A Pinocchio puppet — the agent said it was fixed, but it wasn't

Photo by Jametlene Reskp on Unsplash

Series: What Actually Happened — Real incidents from building a governed AI-native platform


This is the second incident in this series. The first covered an agent that modified 700 files without being asked — and what structural controls stopped it from reaching production.


The Failure That Kept Returning

It started with an assumption I hadn't examined.

A persistent cluster was running. Platform installed, applications deployed, ingress configured, DNS resolving through Route 53, Backstage accessible. The persistent cluster was the proof of concept. We knew the setup worked. The next task was making it reproducible: spin up an ephemeral cluster on demand, run the full stack from cold, tear it down when done.

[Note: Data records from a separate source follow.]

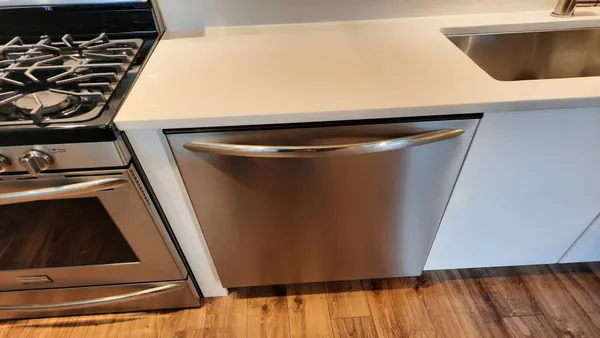 $3,500 | 1101 Dodge Avenue, Unit 203, Evanston, IL 60202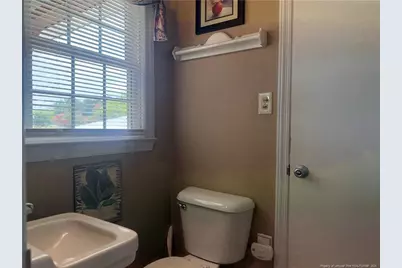 112 N Wright Street, Raeford, NC 28376 - Photo 23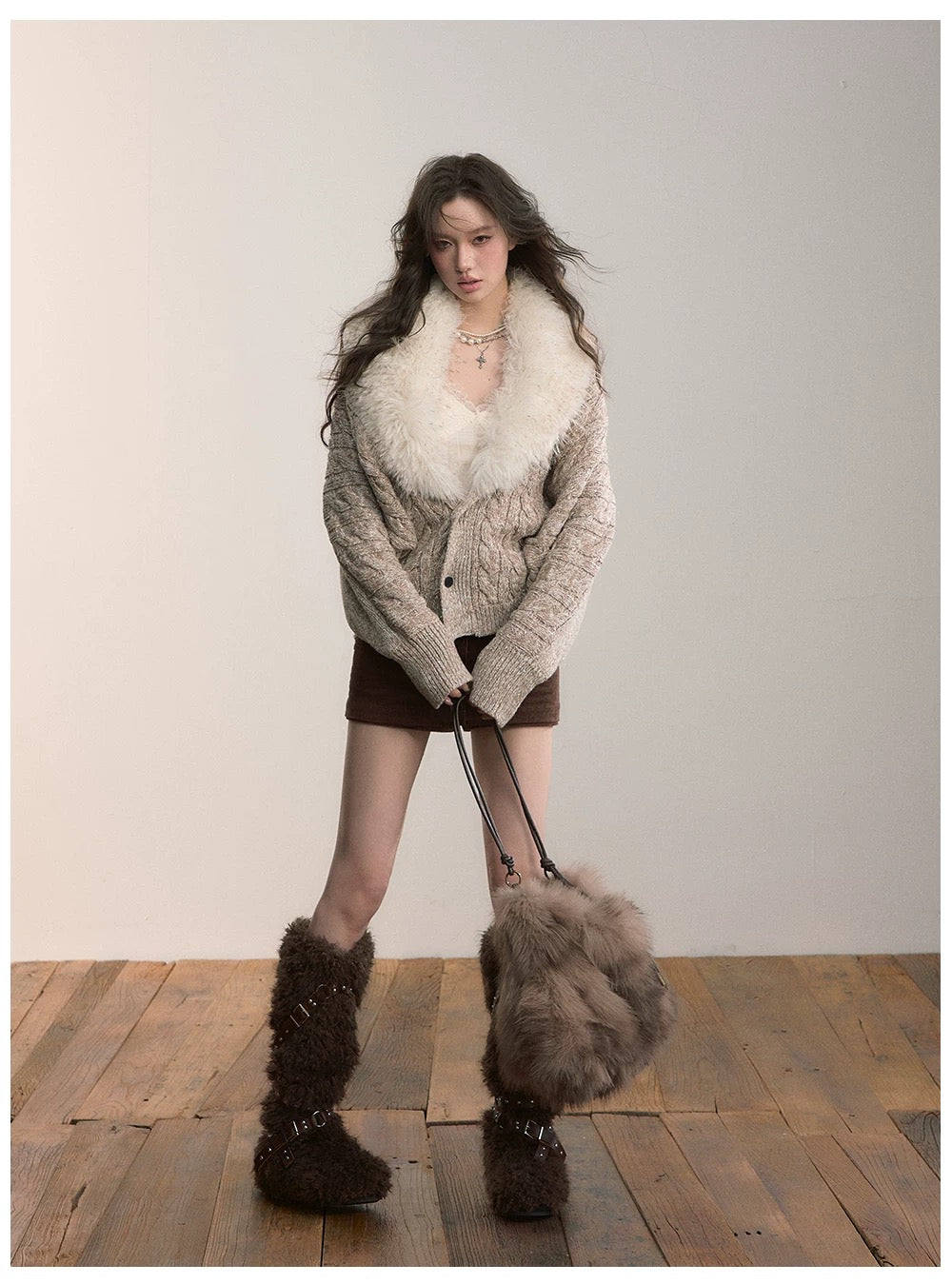 VIA PITTI VIADK615 Detachable fur collar thickened knitted jacket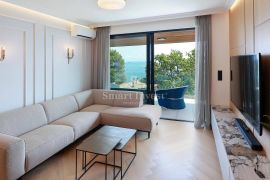 OPATIJA, stan 2S+DB s pogledom na more u vrhunskoj novogradnji s bazenom, Opatija, Stan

The persistent cluster proved it was possible. The ephemeral cluster proved that possible and reproducible are two different things.

The first failure was expected. Ephemeral clusters are hard. We were working with an AI agent to configure the ingress controller, DNS routing through Route 53, and Backstage. Problems emerged. The agent identified them, applied fixes to the running cluster, confirmed they were working, and committed the changes to the repo. CI passed. PRs merged. At the end of the session, with every indicator green, the agent confirmed: everything is fixed. It should work on the next deploy.

The next deploy failed.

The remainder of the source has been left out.